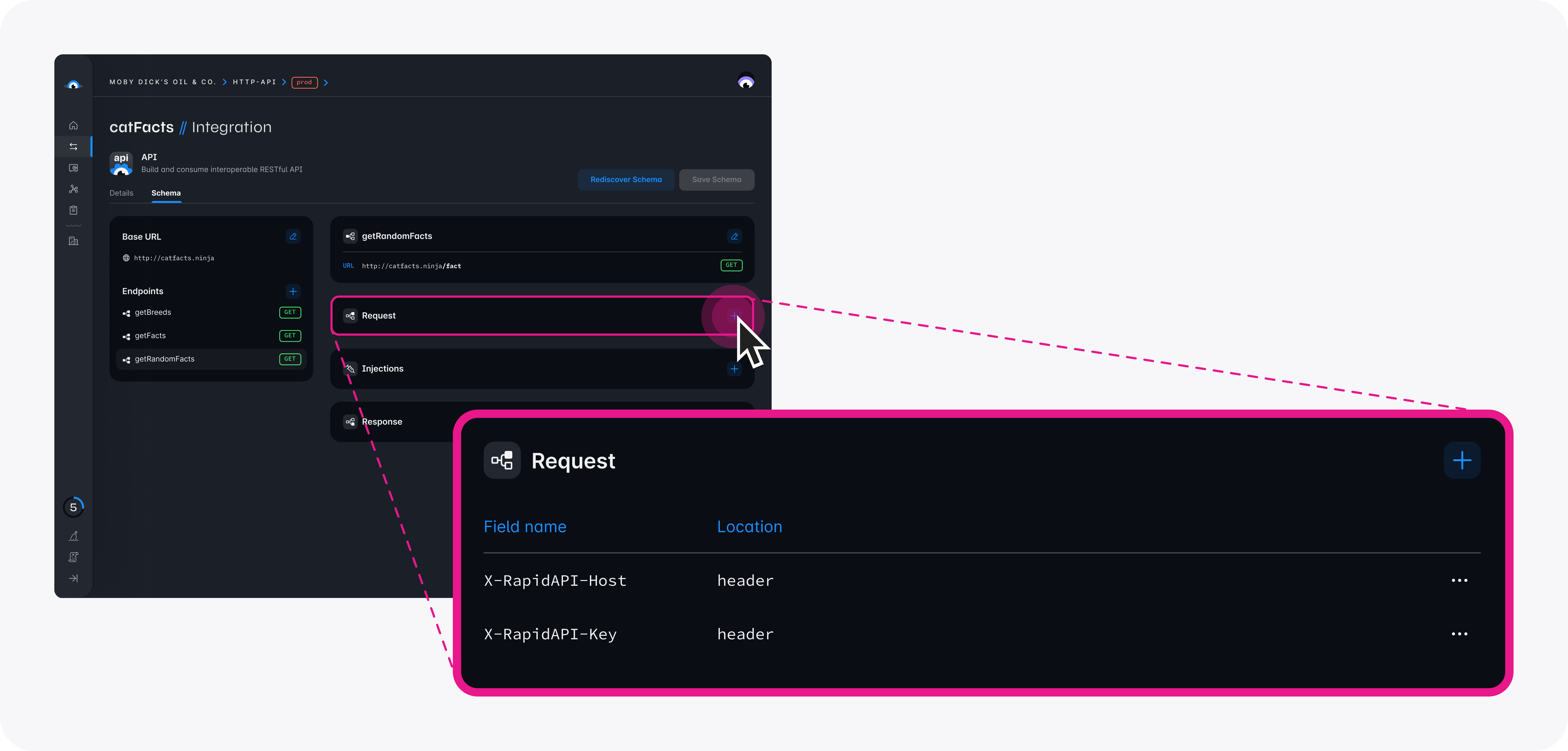 Headers in console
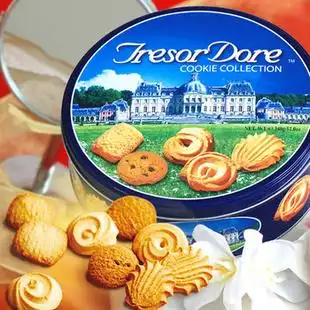 金莎 丹麦风味曲奇饼干松塔蓝色铁罐340g*2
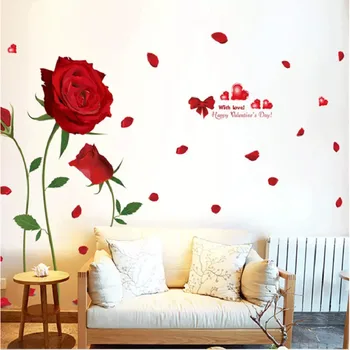 

Wall Stickers Red Rose Wall Decal Mural Removable Flowers Modern Window Stickers Vinyl Art DIY Valentine Stickers Home Decor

WORK REQUEST →
A verbatim copy of the listing, with all pictures removed, is required.

OUTPUT FOR THIS TASK →
 Headers in console
 金莎 丹麦风味曲奇饼干松塔蓝色铁罐340g*2

Wall Stickers Red Rose Wall Decal Mural Removable Flowers Modern Window Stickers Vinyl Art DIY Valentine Stickers Home Decor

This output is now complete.